I find it useful to look at the problem a patent addresses. This one seeks to overcome the deficiencies of GPUs in performing NN tasks.
Basically they have designed a reconfigurable array of processors, much like a GPU, but have eliminated some redundant processing steps such as the addition of padding bits where the sensor data is absent.
The Quadric arrangement relies on synchronous operation and data inputs, whereas Akida has utilizes asynchronous data inputs, a particularly sweet adaptation for LiDaR.
For those who don't wish to know the score, turn away now.
US10474398B2 Machine perception and dense algorithm integrated circuit
Autonomous vehicles have been implemented with advanced sensor suites that provide a fusion of sensor data that enable route or path planning for autonomous vehicles. But, modern GPUs are not constructed for handling these additional high computation tasks.
[0006] At best, to enable a GPU or similar processing circuitry to handle additional sensor processing needs including path planning, sensor fusion, and the like, additional and/or disparate circuitry may be assembled to a traditional GPU. This fragmented and piecemeal approach to handling the additional perception processing needs of robotics and autonomous machines results in a number of inefficiencies in performing computations including inefficiencies in sensor signal processing.

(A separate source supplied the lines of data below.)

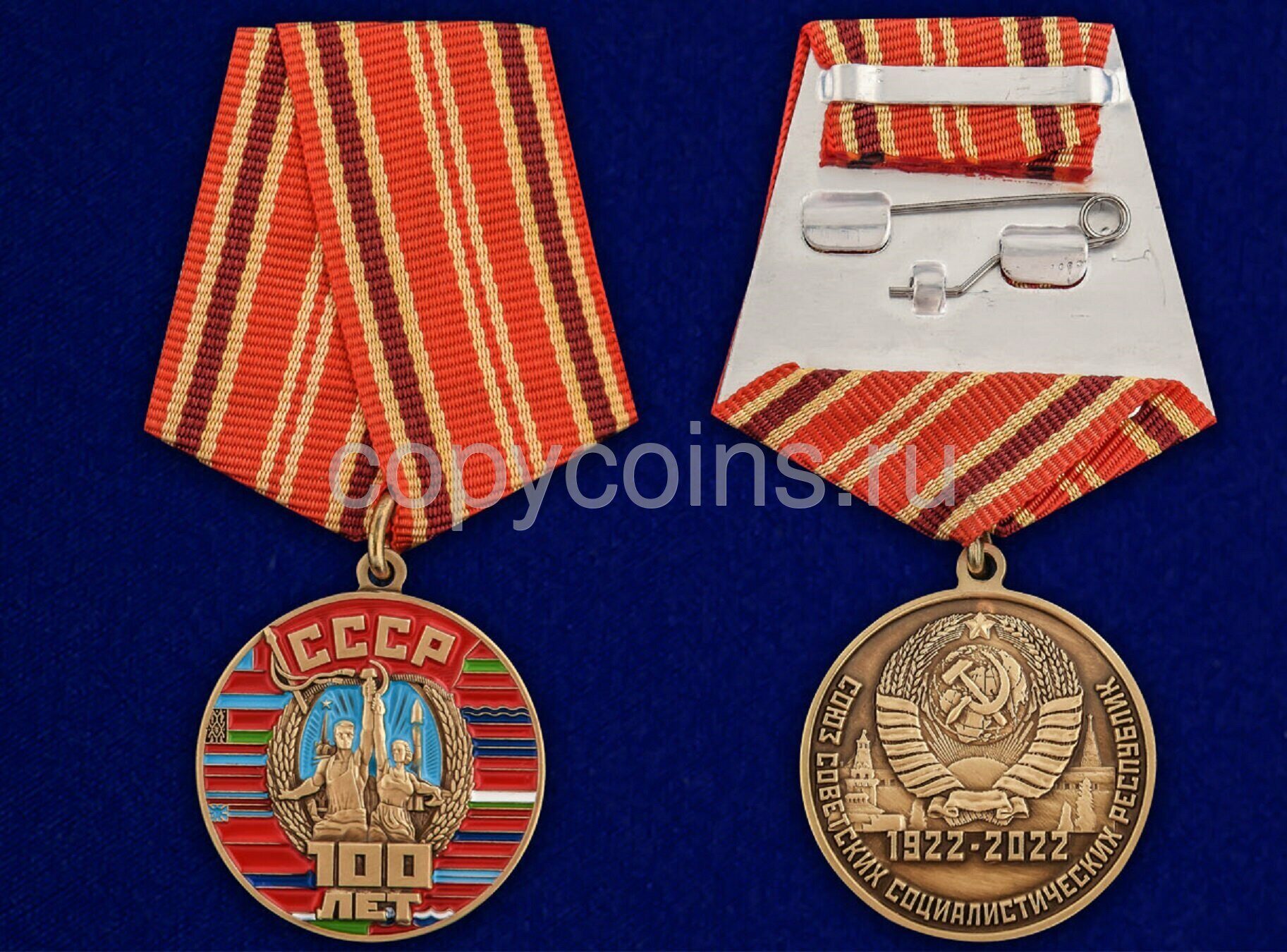 Купить Медаль 100 Лет Вс Рб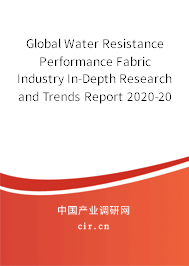 Global Water Resistance Performance Fabric Industry In-Depth Research and Trends Report 2020-2026 Global Water Resistance Performance Fabric Industry In-Depth Research and Trends Report 2020-2026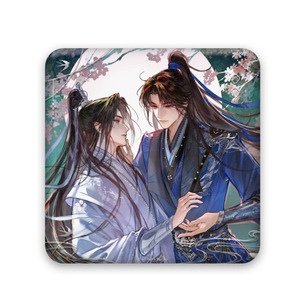 正版现货 二哈和他的白猫师尊 前尘今生系列徽章吧唧色纸周边官谷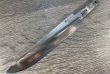 Клинок Якутского ножа - сталь Bohler K110 - Клинок Якутского ножа - сталь Bohler K110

1. An integrated circuit comprising:
a plurality of processing cores,
each processing core of the plurality of processing cores comprising:
at least one processing circuit; and
at least one memory circuit;
a plurality of peripheral cores,
each peripheral core of the plurality of peripheral cores comprising:
at least one memory circuit,
wherein:
at least a subset of the plurality of peripheral cores is arranged along a periphery of a first subset of the plurality of processing cores; and
[ii] a combination of the plurality of processing cores and the plurality of peripheral cores define an integrated circuit array;
a dispatch controller that provides data movement instructions, wherein the data movement instructions comprise a data flow schedule that:
defines an automatic movement of data within the integrated circuit array; and
sets one or more peripheral cores of the plurality of peripheral cores to a predetermined constant value if no data is provided to the one or more peripheral cores according to the predetermined data flow schedule.
View attachment 6877
130 = dispatch controller
140, 150 = periphery controllers
149, 159 = FIFO registers
160 = sensor data memory
View attachment 6883
112 = register file
122 = register file
114 = MAC
118 = ALU
[0039] An array core 110 may, additionally or alternatively, include a plurality of multiplier (multiply) accumulators (MACs) 114 or any suitable logic devices or digital circuits that may be capable of performing multiply and summation functions. In a preferred embodiment, each array core 110 includes four (4) MACs and each MAC 114 may be arranged at or near a specific side of a rectangular shaped array core 110 , as shown by way of example in FIG. 2.
[0035] An array core 110 preferably functions as a data or signal processing node (e.g., a small microprocessor) or processing circuit and preferably, includes a register file 112 having a large data storage capacity (e.g., 4 kilobyte (KB) or greater, etc.) and an arithmetic logic unit (ALU) 118 or any suitable digital electronic circuit that performs arithmetic and bitwise operations on integer binary numbers. In a preferred embodiment, the register file 112 of an array core 110 may be the only memory element that the processing circuits of an array core no may have direct access to. An array core no may have indirect access to memory outside of the array core and/or the integrated circuit array 105 (i.e., core mesh) defined by the plurality of border cores 120 and the plurality of array cores 110 .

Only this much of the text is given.